Imaging to Assess Bone and Tissue
Imaging plays a critical role both in diagnosis and in understanding how far the disease has spread. The older approach of full-body X-ray surveys has largely been replaced because X-rays miss early bone involvement in up to 40% of cases, particularly in the spine and pelvis.
Low-dose whole-body CT is now the standard first-line imaging tool for detecting bone destruction. It picks up smaller lesions than plain X-rays and takes only a few minutes. MRI is even more sensitive, particularly for spotting disease inside the bone marrow before it has caused visible holes. In one comparative study, MRI upstaged 11 out of 41 patients compared with CT, meaning it found more extensive disease than CT detected. PET-CT, which combines a CT scan with a radioactive tracer that highlights metabolically active cells, is the preferred choice when doctors suspect myeloma has spread outside the bones into soft tissue.
Genetic Testing for Risk Stratification
Once myeloma is confirmed, a portion of the bone marrow sample is sent for genetic analysis using a technique called FISH (fluorescence in situ hybridization). This test looks for specific chromosomal abnormalities in the myeloma cells that predict how aggressively the disease is likely to behave.
Certain genetic changes are classified as high risk. Deletion of a region on chromosome 17 (where a key tumor-suppressing gene sits) is considered high risk across all major guidelines. Translocations where parts of chromosomes 4, 14, 16, or 20 swap places, especially combined with extra copies of a segment on chromosome 1, also fall into the high-risk category. Standard-risk genetic profiles include hyperdiploidy (extra whole chromosomes) and certain other translocations that tend to respond better to treatment and progress more slowly.
This genetic information doesn’t change whether you have myeloma, but it directly shapes treatment decisions and helps set realistic expectations for how the disease may respond.
How Staging Works
After diagnosis, myeloma is staged using the Revised International Staging System, which combines blood markers with genetic findings to sort patients into three risk groups.
Two blood proteins drive the staging. Beta-2 microglobulin is a small protein shed by myeloma cells; higher levels indicate more disease. Serum albumin, a protein made by the liver, tends to drop as myeloma burden increases. Stage I requires beta-2 microglobulin below 3.5 mg/L and albumin above 3.5 g/dL, along with standard-risk genetics and normal LDH (an enzyme that rises when cells are turning over rapidly). Stage III applies when beta-2 microglobulin exceeds 5.5 mg/L and either high-risk genetic changes or elevated LDH are present.
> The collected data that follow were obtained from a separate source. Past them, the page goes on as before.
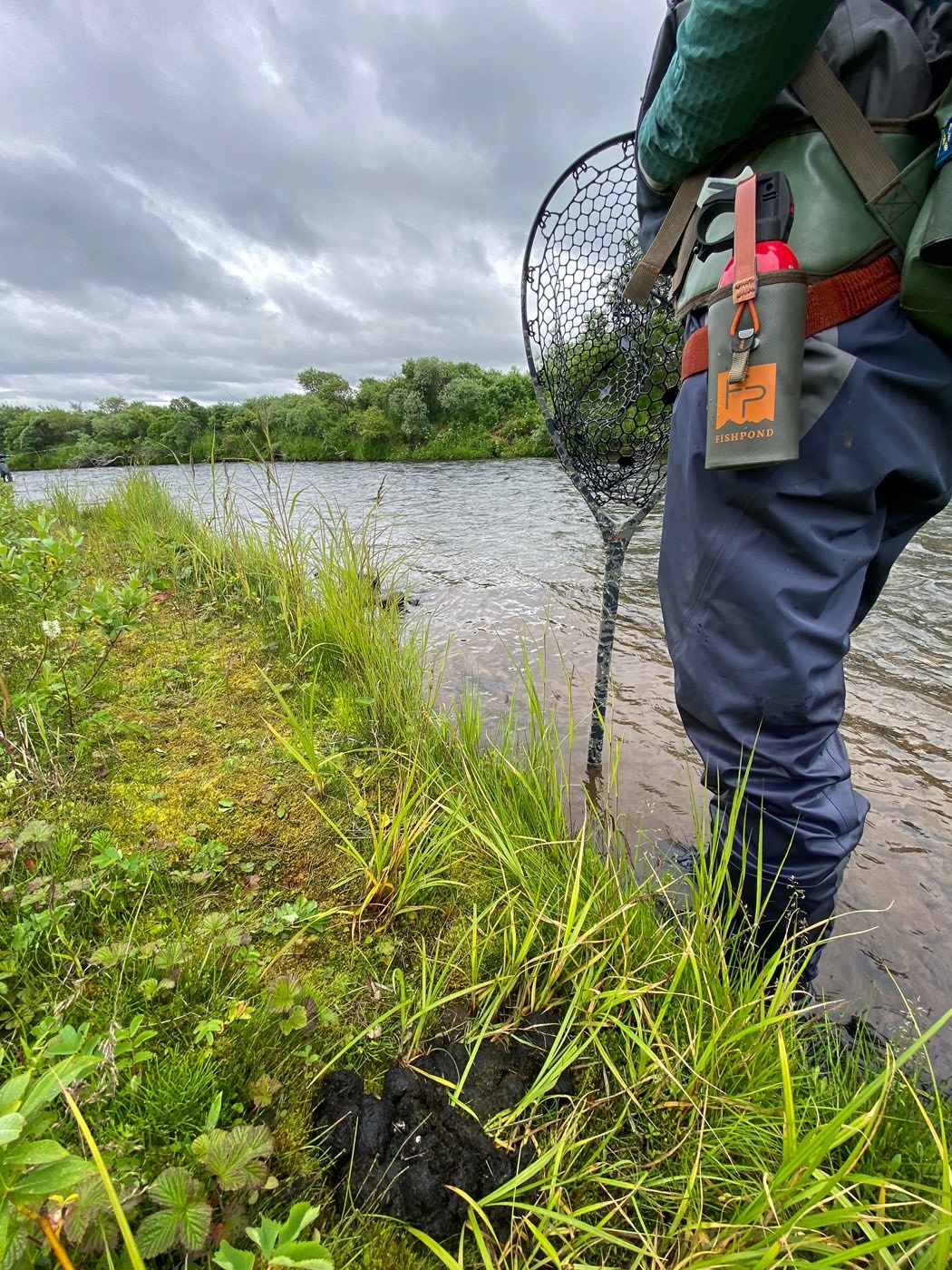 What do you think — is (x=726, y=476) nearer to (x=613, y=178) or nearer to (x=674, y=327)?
(x=674, y=327)

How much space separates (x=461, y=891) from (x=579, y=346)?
214 cm

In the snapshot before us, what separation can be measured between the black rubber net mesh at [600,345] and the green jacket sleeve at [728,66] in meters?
0.80

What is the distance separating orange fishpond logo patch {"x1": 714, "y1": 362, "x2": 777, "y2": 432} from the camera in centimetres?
114

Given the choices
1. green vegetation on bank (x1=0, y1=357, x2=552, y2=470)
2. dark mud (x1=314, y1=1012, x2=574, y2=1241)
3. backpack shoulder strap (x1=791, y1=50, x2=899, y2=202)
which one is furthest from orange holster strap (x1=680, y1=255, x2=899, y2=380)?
green vegetation on bank (x1=0, y1=357, x2=552, y2=470)

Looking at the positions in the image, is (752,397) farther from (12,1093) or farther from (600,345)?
(12,1093)

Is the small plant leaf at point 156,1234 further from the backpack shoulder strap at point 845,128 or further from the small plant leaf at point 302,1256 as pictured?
the backpack shoulder strap at point 845,128

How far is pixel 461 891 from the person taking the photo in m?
1.58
Stage II covers everyone in between.
Staging provides a general prognosis but doesn’t dictate a rigid treatment path. Two people with the same stage can have very different outcomes depending on their overall health, genetic subtype, and how well they respond to initial therapy.
What the Process Looks Like in Practice
For most people, the diagnostic journey begins with routine blood work that flags something unexpected: an abnormal protein, low blood counts, or elevated calcium. From there, the workup expands quickly. You can expect multiple blood draws, a 24-hour urine collection, and imaging within the first few days. The bone marrow biopsy is usually scheduled within a week or two of the initial findings.
Basic biopsy results typically come back within a few days. FISH genetic testing and flow cytometry (which characterizes the surface markers on your plasma cells) can take one to two weeks. Once all results are in, your hematologist can confirm the diagnosis, assign a stage, and begin discussing treatment options. The full process from first abnormal lab result to a complete diagnosis with staging generally spans two to four weeks.